L’altro giorno su uno dei tanti canali di news presenti sul digitale terrestre si illustravano le prime pagine dei quotidiani e in quasi tutte la parola che veniva riportata era “la stangata”, per alcuni provvedimenti legislativi e/o rincari di beni di prima necessità.
Viviamo in un periodo di profonda confusione e smarrimento. Se ascoltiamo le notizie europee sembra che siamo ritornati la nazione dei nostri padri fondatori europei : tutti ci rispettano, ci prendono a mo’ di esempio per le azioni governative intraprese , insomma abbiamo un premierato che quasi ci invidiano. Poi basta prendere qualsiasi rapporto (es quello del 2011 della Caritas su “povertà ed esclusione sociale in Italia”) e si scopre che la povertà si estende contagiando anche classi e professioni che sembravano inattaccabili.
Imprenditori che si suicidano per non poter pagare le tasse o gli operai, semplici cittadini che si danno fuoco per la paura di avere confiscati dei beni. Ma dov’è la speranza di rinascere, riprendere il nostro made in Italy, così apprezzato e così imitato? Una frase aleggia nei vari convegni: il bene comune.
Il passaggio da un’esasperata competizione determinata dal consumismo ad una riorganizzazione dei processi produttivi e dei servizi orientata a dare valore al prodotto finito, a selezionare le priorità nei servizi e a creare cooperazione. Quest’ultima modalità organizzativa ha subito molte battute di arresto negli ultimi decenni, quasi che fosse divenuta un escamotage per avviare a minor costo (e non altro) un’attività. Invece per riprenderci i valori essenziali quali il lavoro, la solidarietà, lo sviluppo sostenibile, l’economia reale e non solo finanziaria, dobbiamo cooperare.
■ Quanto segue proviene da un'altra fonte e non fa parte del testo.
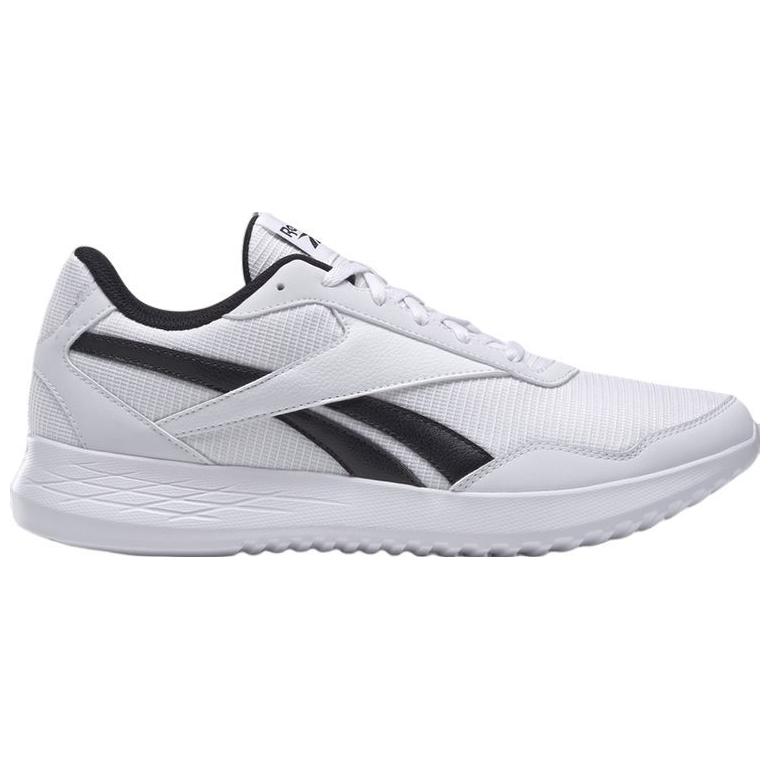 Order Reebok Energen Lite "Bianco Nero" GY1440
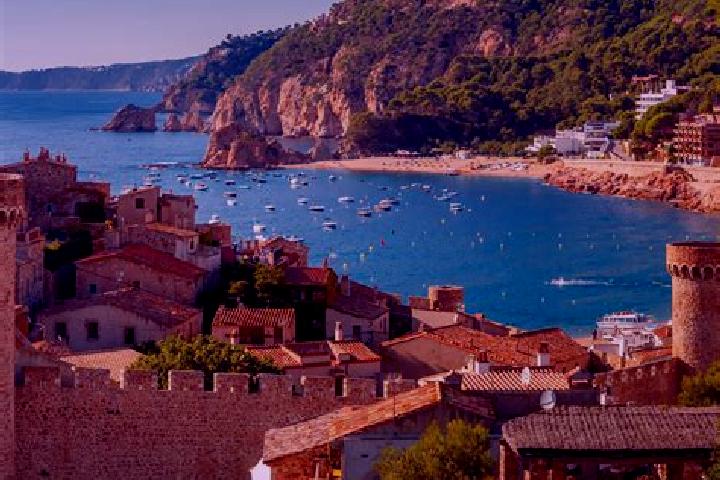 Aurora, 31 — Escort in Massamagrell, Spain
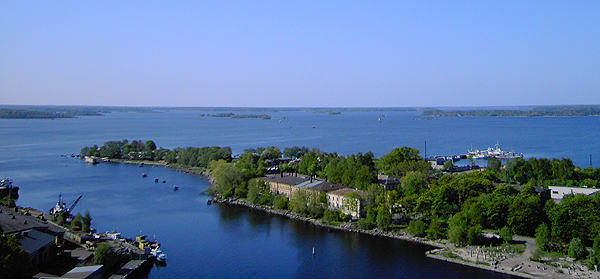 ملف:Выборг залив.jpg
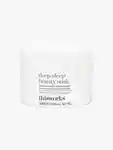 Hero This Works Beauty Soak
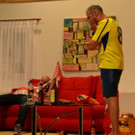 Premiere Theater Wald-Dalaas _23_.jpg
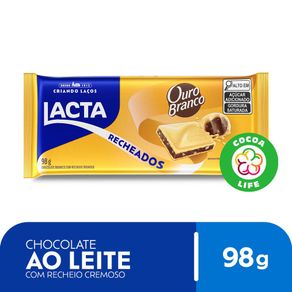 7622210528216-Chocolate-Branco-Lacta-Com-Recheio-Ouro-Branco-98G-1 7622210528216-Chocolate-Branco-Lacta-Com-Recheio-Ouro-Branco-98G-1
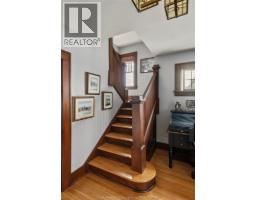 243 Chatham STREET South - 29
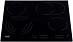 Варочная панель Vard VHC6464K фото 2 Купить Варочная панель Vard VHC6464K preview 2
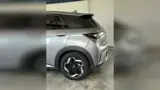 BYD Dolphin - Miniatura 17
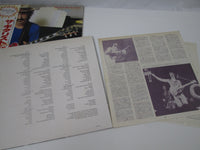 Load image into Gallery viewer, Frank Zappa ‎Shut Up 'n Play Yer Guitar 60AP 2268,9,70 with OBI Japan LP Vinyl
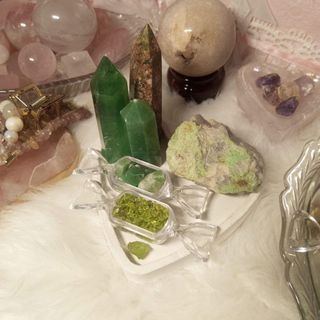 (Category: ) located in . Submitted by ayamolina (Listing ID 1388619522, Image 1). Description: .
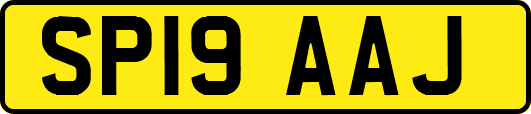 SP19AAJ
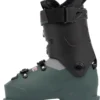 K2 BFC W 85 Boot -Obermeyer Sales 1446463F21 K2SKI BFC W 85 Side2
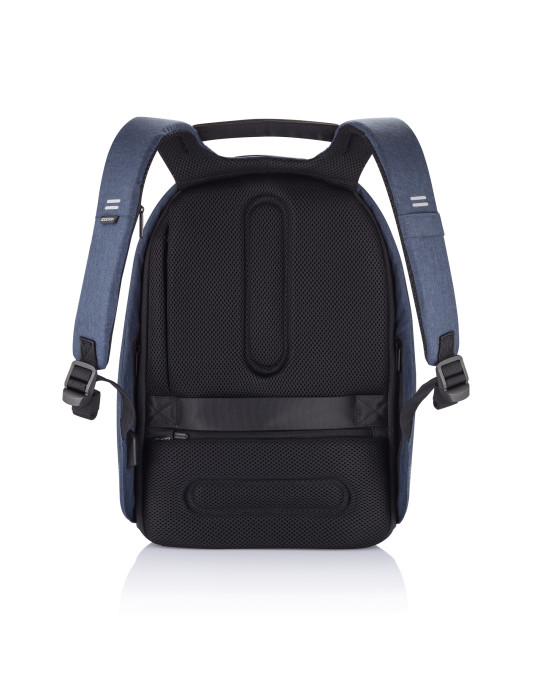 Sac Bobby Hero XL pour ordinateur 17 pouces personnalisable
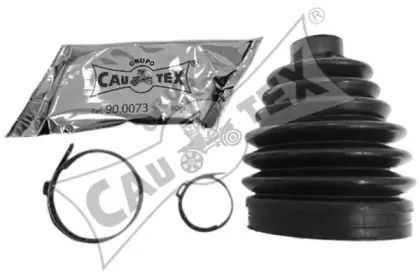cautex-060634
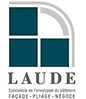 Laude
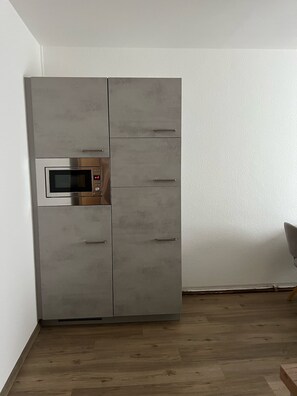 Sisätilat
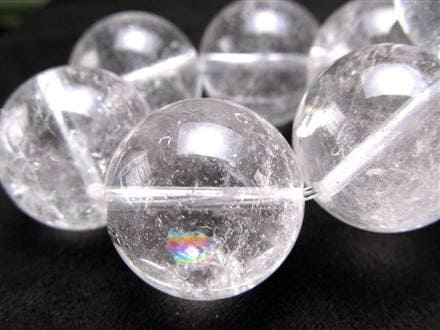 ◇厳選1点物◇大珠！◇今だけ特価！◇シュワっと広がる！キラキラ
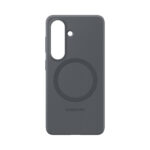 Samsung Cover telefono cellulare Galaxy S26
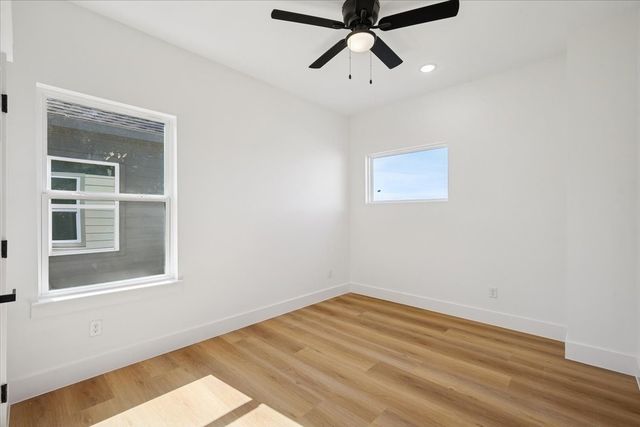 3060 Hardy Street, Fort Worth, TX 76106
Riprenderci le relazioni nei luoghi del vivere e del produrre e considerare l’umanità e non il denaro quale bene primario.
Penso all’utilizzo dell’housing sociale multietnico per abbassare i costi dell’abitare, a servizi condominiali (si il condominio prorio lui!) per rispondere alle esigenze di donne che lavorano e hanno figli da accudire, di anziani soli, di ragazzi che necessitano di supporti scolastici. Una rete di fiducia in cui i bisogni sono evidenti e che nessuna amministrazione, oggi, può farvi fronte.
L’utilizzo del web 2.0 per costruire luoghi virtuali/reali per un incrocio domanda offerta di volontari per il non profit, il reimpiego volontario di anziani esperti per fare i mentori a giovani appena assunti, all’agricoltura sociale come integrazione di servizi di inclusione e riabilitativi per le categorie svantaggiate, alla realizzazione di orti sociali per far dialogare le generazioni e le diverse etnie per migliorare la convivenza, come evidenziato dalle esperienze francesi (la ReteCocagne “Coltivons la solidaritè”).
Il luogo è la città, non più residenziale ma solidale e sicuramente ideale.